**INSTRUCTIONS TO FOLLOW:** In the entries below, repeat only the lines between those holding "a black lacquer chest of drawers" and "U.S. Marines send", inclusive. Leave pictures out.

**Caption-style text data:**
Segment Open

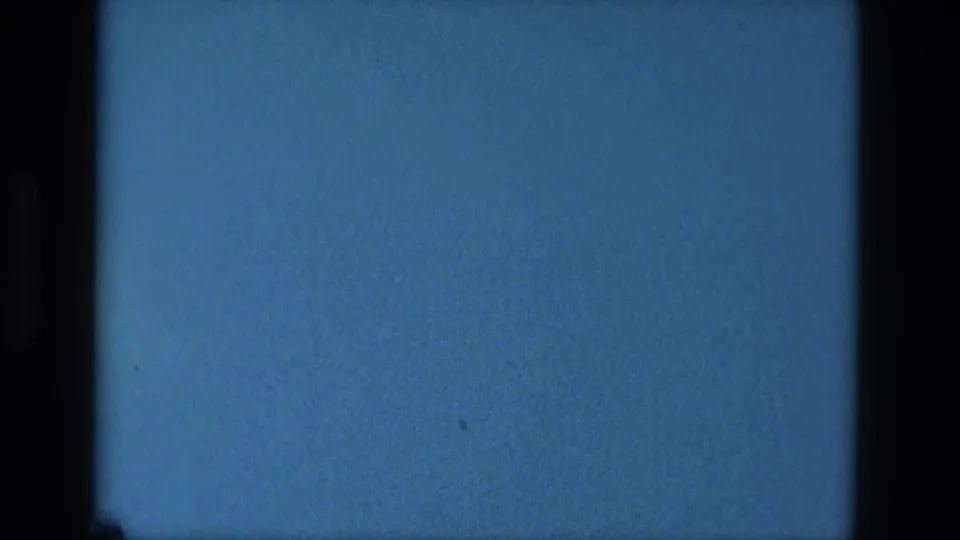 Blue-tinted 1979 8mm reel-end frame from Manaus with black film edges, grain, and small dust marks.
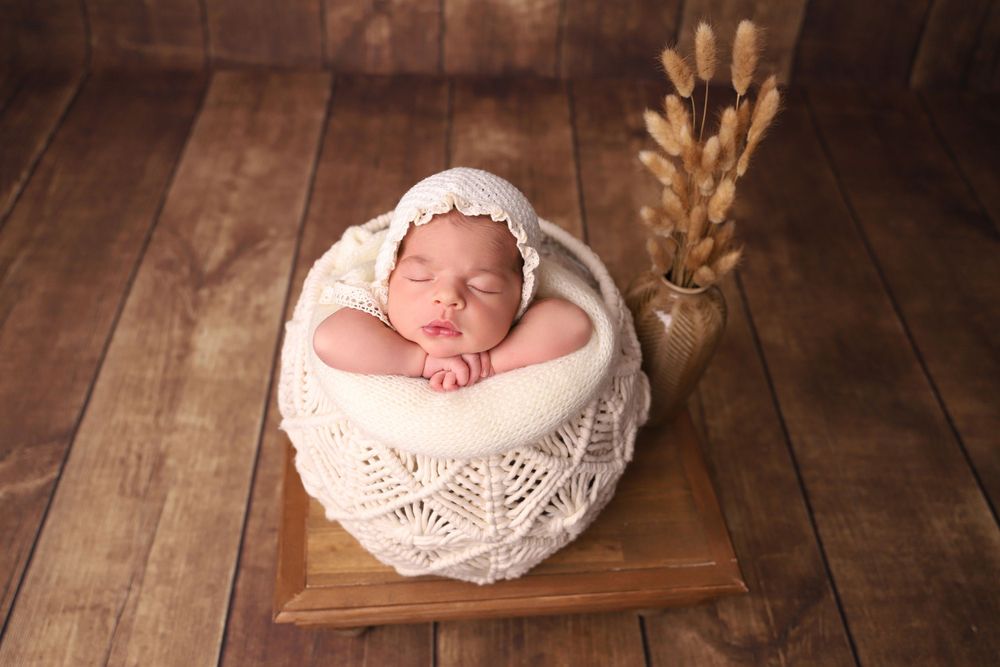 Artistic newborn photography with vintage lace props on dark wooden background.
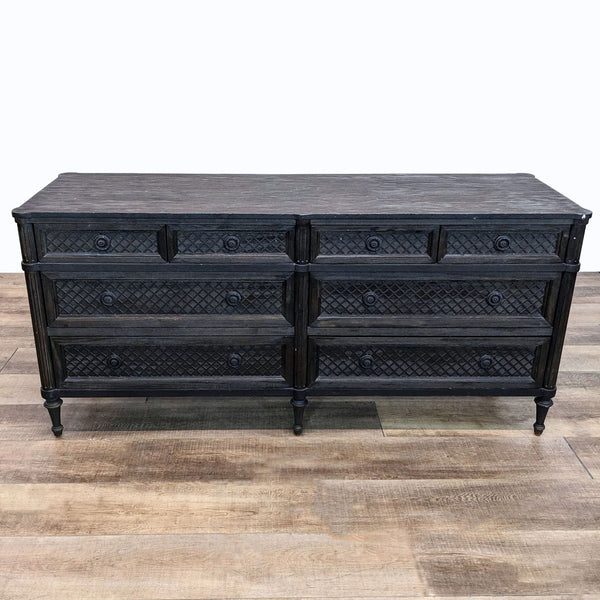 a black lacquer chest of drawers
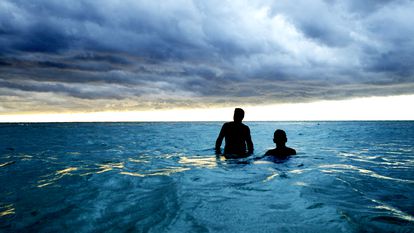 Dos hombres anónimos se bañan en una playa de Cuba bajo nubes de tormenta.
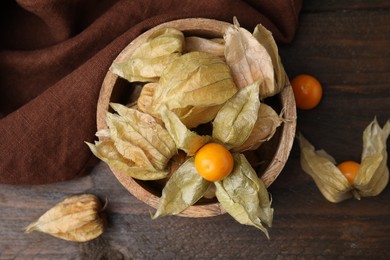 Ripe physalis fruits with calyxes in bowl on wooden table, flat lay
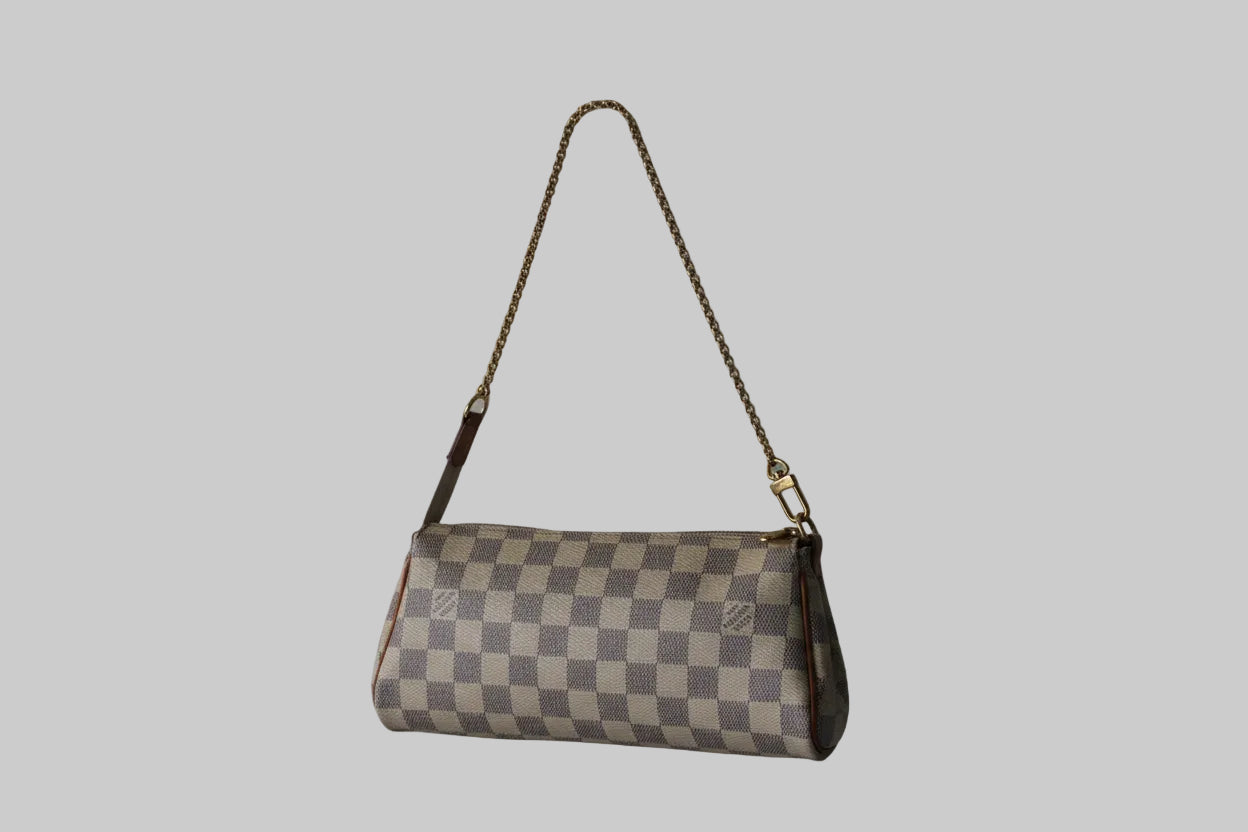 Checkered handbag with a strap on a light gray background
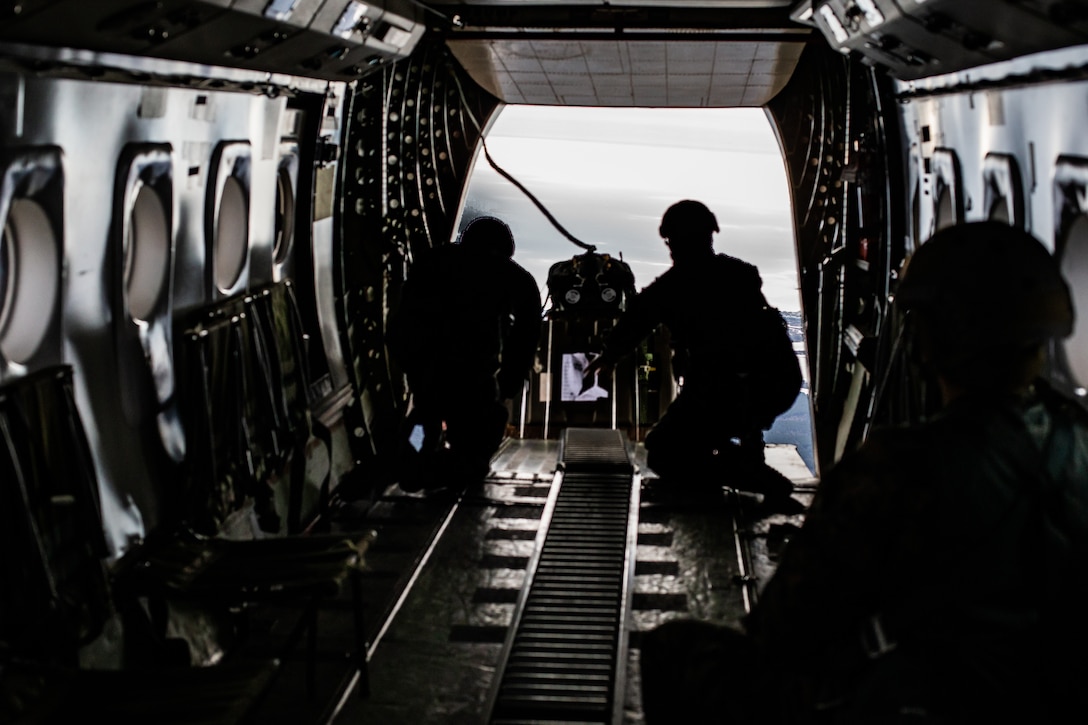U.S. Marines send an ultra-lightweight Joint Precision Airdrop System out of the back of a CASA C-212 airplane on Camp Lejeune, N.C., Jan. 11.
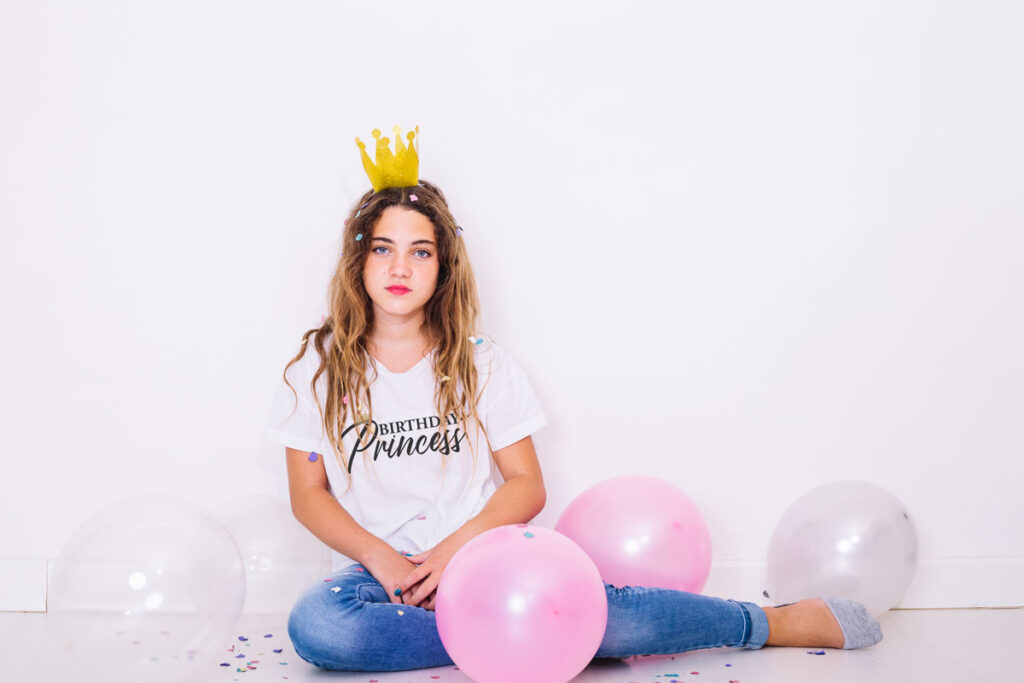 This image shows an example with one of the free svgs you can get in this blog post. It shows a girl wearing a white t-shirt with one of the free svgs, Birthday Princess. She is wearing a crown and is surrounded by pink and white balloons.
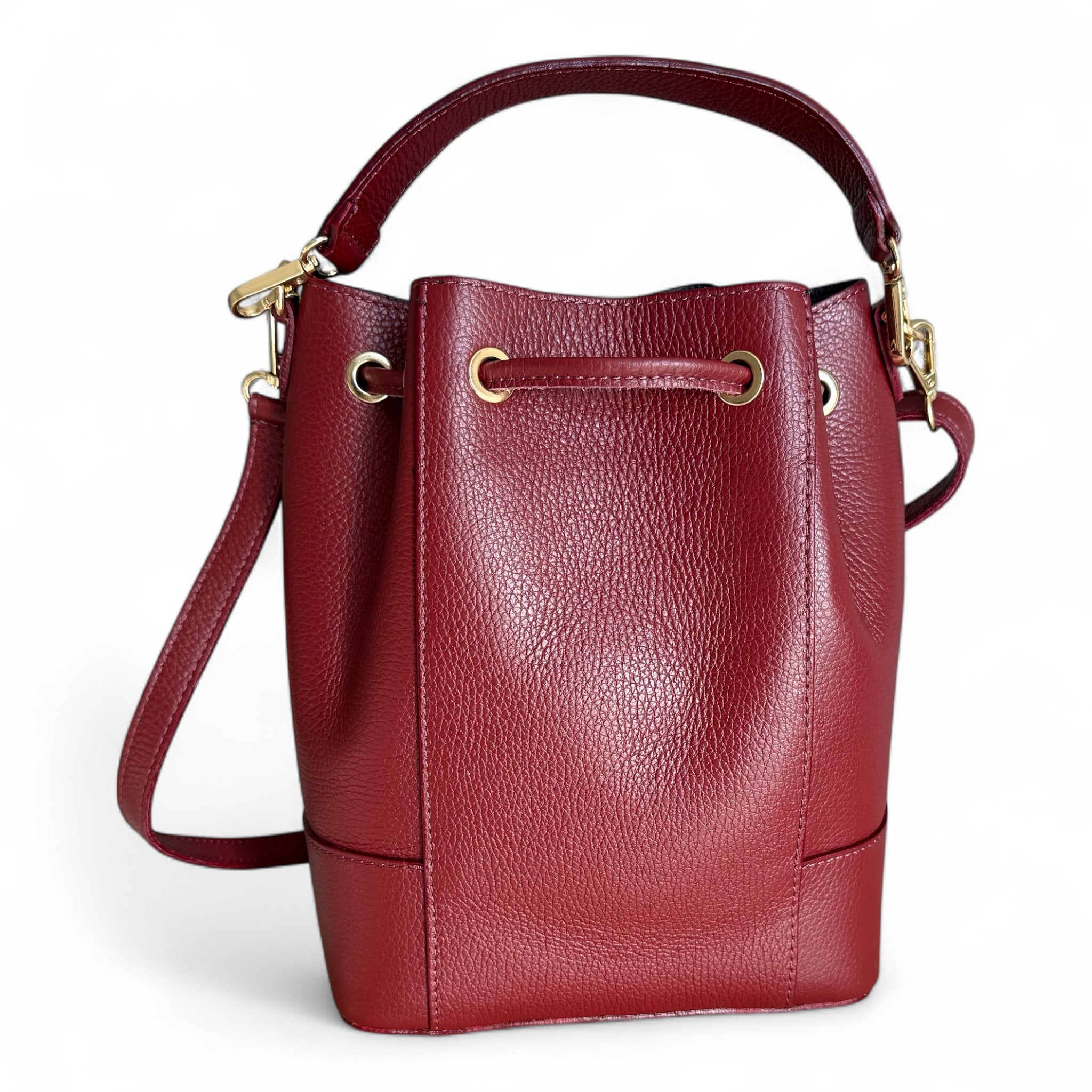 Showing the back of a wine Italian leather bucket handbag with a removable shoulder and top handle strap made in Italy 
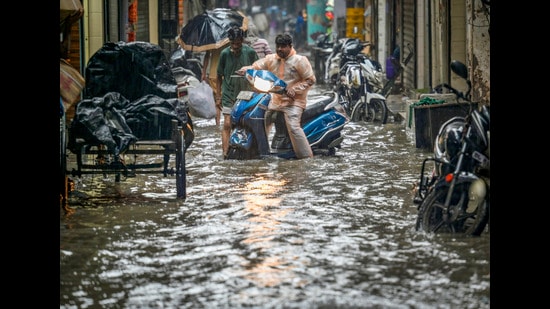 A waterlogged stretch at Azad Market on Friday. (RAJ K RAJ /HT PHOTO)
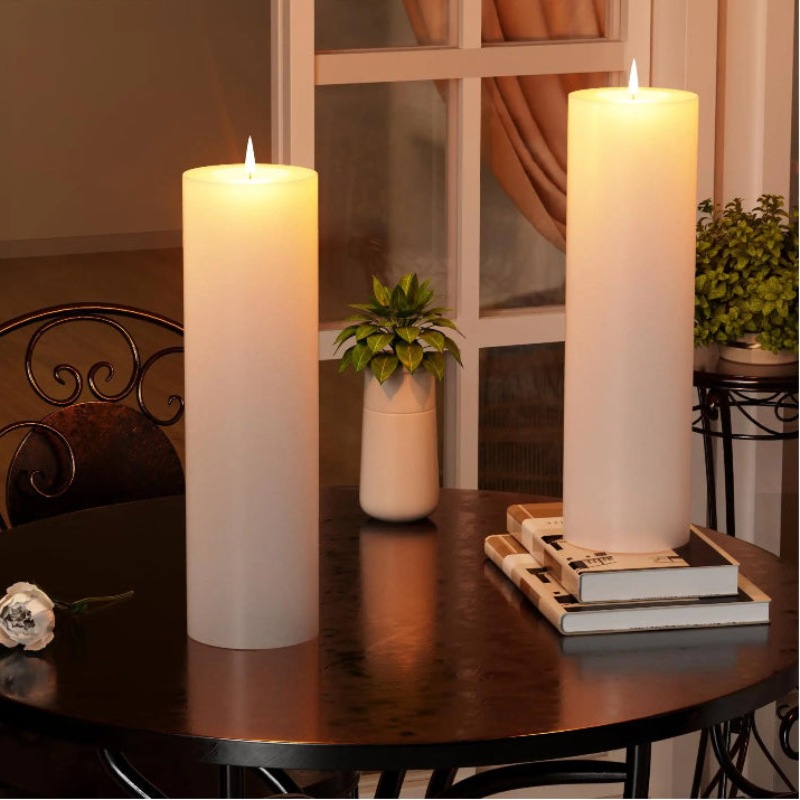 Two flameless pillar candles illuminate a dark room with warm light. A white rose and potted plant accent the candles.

Segment Closed

**OUTPUT OF THE TASK:**
 a black lacquer chest of drawers
 Dos hombres anónimos se bañan en una playa de Cuba bajo nubes de tormenta.
 Ripe physalis fruits with calyxes in bowl on wooden table, flat lay
 Checkered handbag with a strap on a light gray background
U.S. Marines send an ultra-lightweight Joint Precision Airdrop System out of the back of a CASA C-212 airplane on Camp Lejeune, N.C., Jan. 11.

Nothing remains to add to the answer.